Cohen’s $11 billion firm Point72 Asset Management said on Thursday that Jaimi Goodfriend, a college lecturer in Illinois who previously worked for hedge funds Citadel and Balyasny, will become Point72 Academy’s first director.
The academy has accepted 15 undergraduates out of 1,300 applicants into an eight-week summer internship. It picked 15 college graduates from several hundred applicants for a longer program that will teach financial modeling, stock research, securities laws, ethics and compliance. The paid summer internship begins in June while the longer Academy class program commences in August.
“We compete with the major banks, private equity firms and Silicon Valley for the same people,” said Point72 President Douglas Hayes. “The Academy will help us get first crack at the next generation of investor talent before they might go elsewhere.”

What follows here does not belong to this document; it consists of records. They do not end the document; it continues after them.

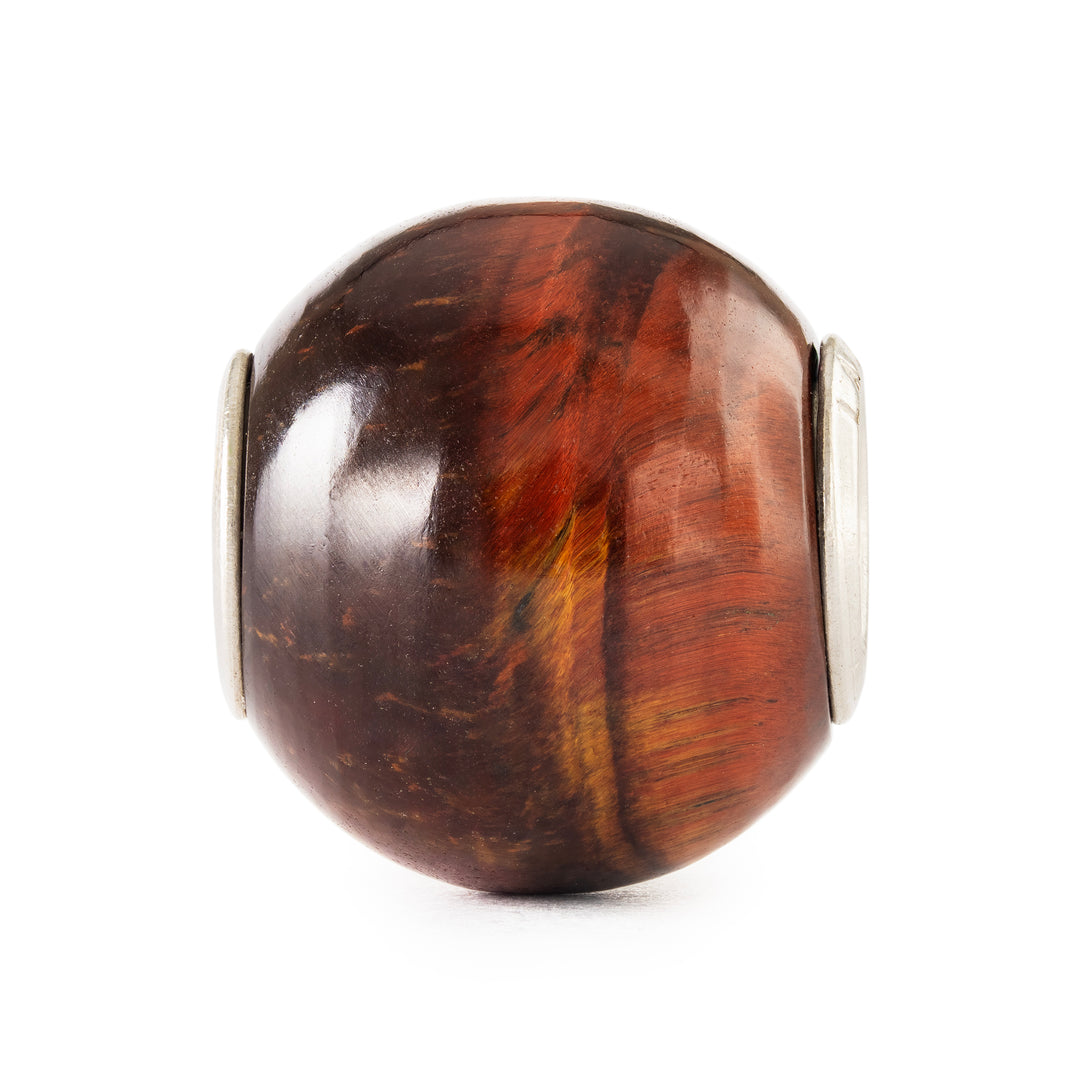 Round Red Tiger Eye Bead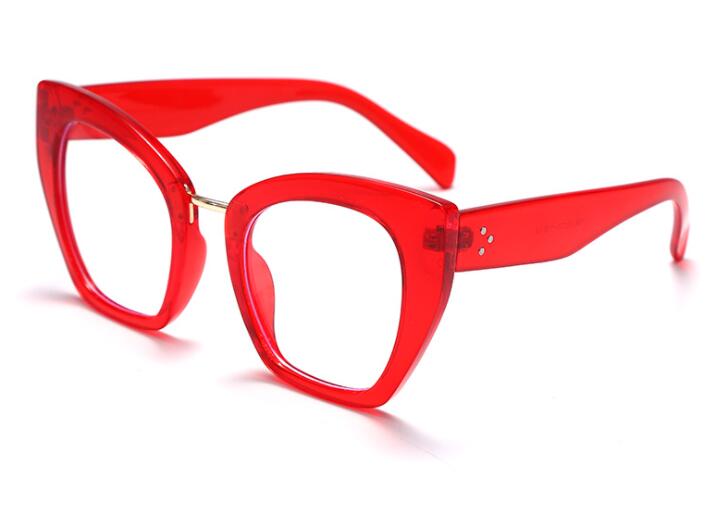 Glasses Female Blue Light 0 Cat's Blocking Eye Feline Graduate Diopter Ladies Myopia -6.0 To Stylish Optical Oversized Eyewear Vision Prescription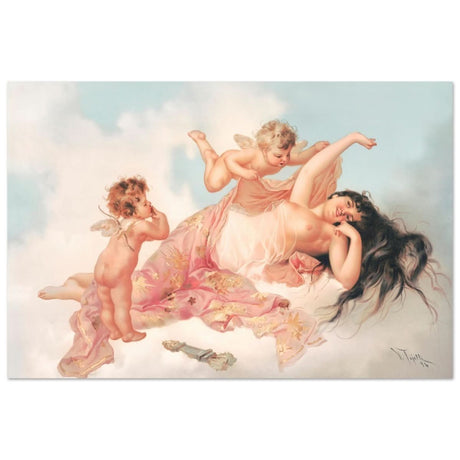 Awakening of love 1894 by Virgilio Tojetti | Vintage wall art print - Aluminum Print - 30x45 cm / 12x18″ - 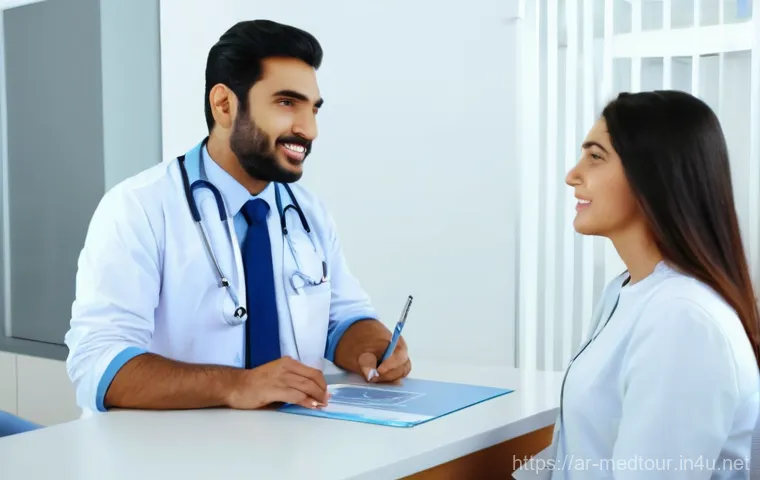 의료관광코디네이터 전문성이 중요한 이유 - **Prompt 1: Expert Medical Guidance and Trust**
    "A professional and empathetic Arab medical coor...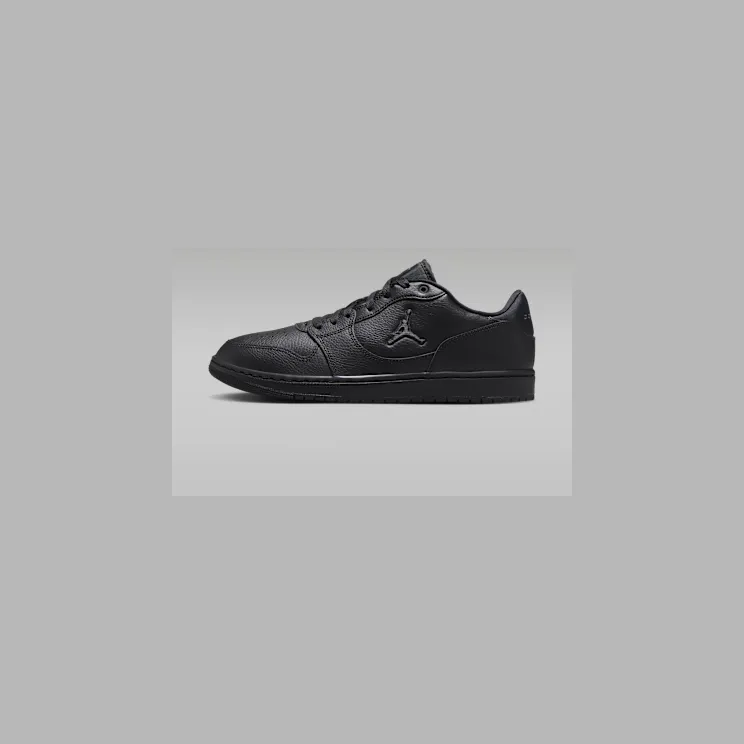 Nike Jordan Court Connect Low “Black / Dark Smoke Grey” (IQ5698-006)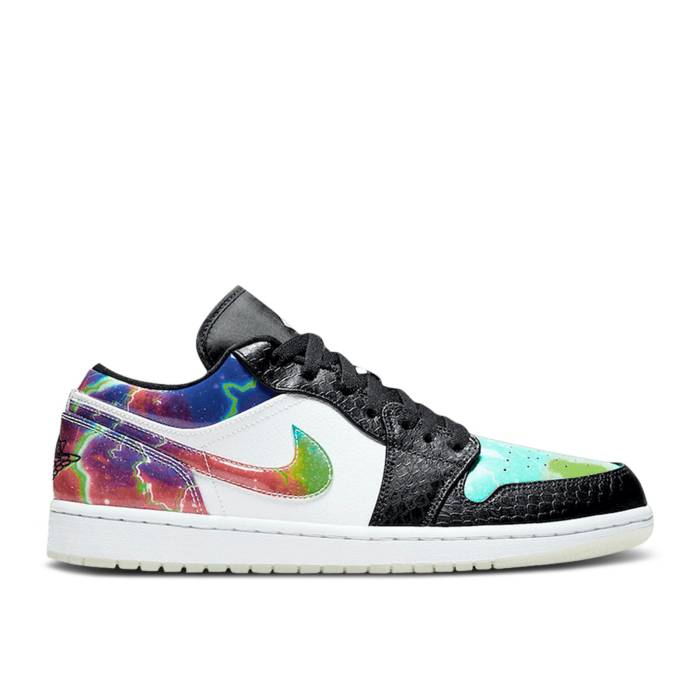 ナイキ エアジョーダン Air Jordan 【 Jordan 1 Low \u0027Galaxy\u0027 Men White/Black/Multi-Color 】 メンズ 白いこと 白いこと 黒いこと 黒いこと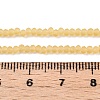 Transparent Glass Beads Strands EGLA-A044-T1mm-MD03-2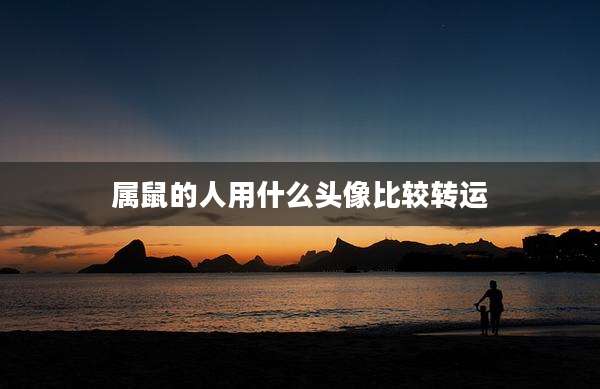 属鼠的人用什么头像比较转运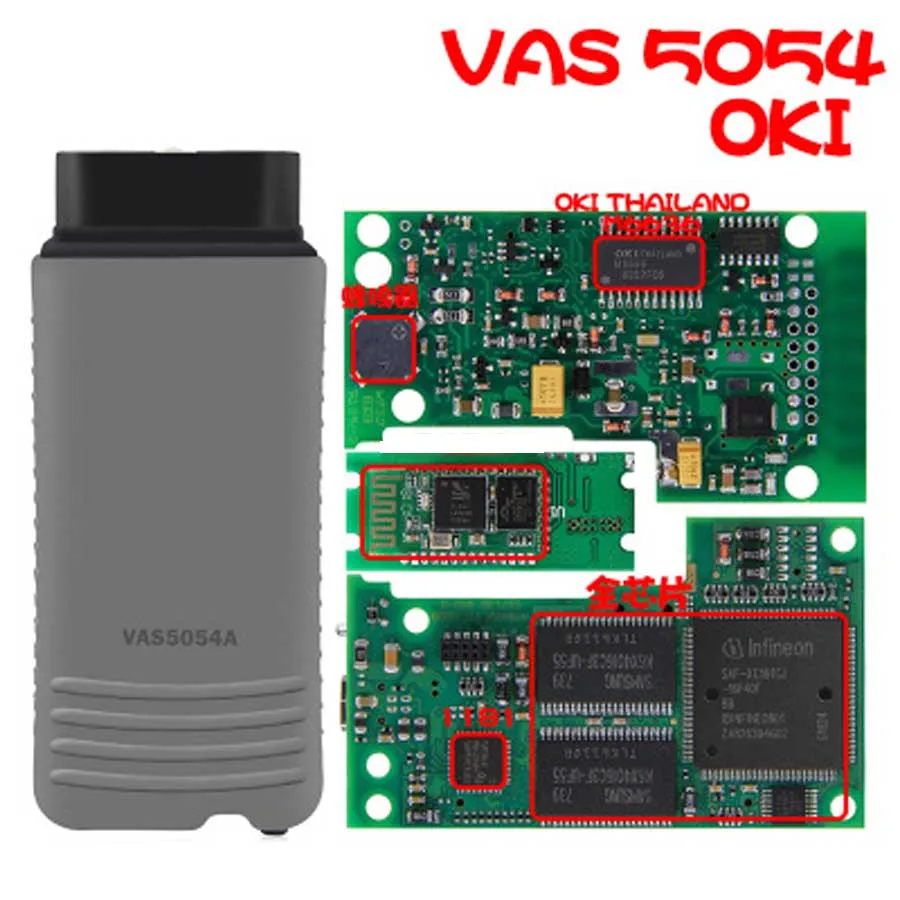 VAS 5054A ODIS V4.4.10 полный OKI чип VAS5054A ODIS 4.3.3 AMB2300 для UDS протоколы OBD OBD2 диагностический инструмент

Cohen is not expected to teach any classes. Still, he will have contact with trainees from his seat at the center of the trading floor, a firm spokesman said.
The first trainees, from schools including Yale, Columbia, and Cohen’s alma mater the University of Pennsylvania, will be mentored by senior analysts and portfolio managers and are likely to be promoted into Point72’s fulltime ranks after completing the program.
“It is a combination of earning an advanced degree and participating in an apprenticeship,” the spokesman said about the program, which is unusual in the hedge fund industry.
Cohen’s SAC Capital Advisors managed $14 billion in early 2013. The firm pleaded guilty in that November to insider trading charges. After the government forced SAC to return all money to outside investors, Cohen changed the firm’s name to Point72 and now focuses, with the help of 875 employees, on investing his multibillion-dollar personal fortune.
Cohen’s style of stock picking has always been labor intensive and his firm has long had one of the biggest staffs in the business.
After an insider trading scandal prompted many portfolio managers to leave SAC, Cohen decided to rebuild with newcomers who can be trained in-house.
Previously, SAC tended to hire analysts and portfolio managers with long resumes to deliver the 25 percent average annual return that attracted big-name investors. Even as the firm has shrunk asset size, its returns remain strong with a 7.5 percent return during first quarter of 2015, which handily beat the average hedge fund’s 2.4 percent gain.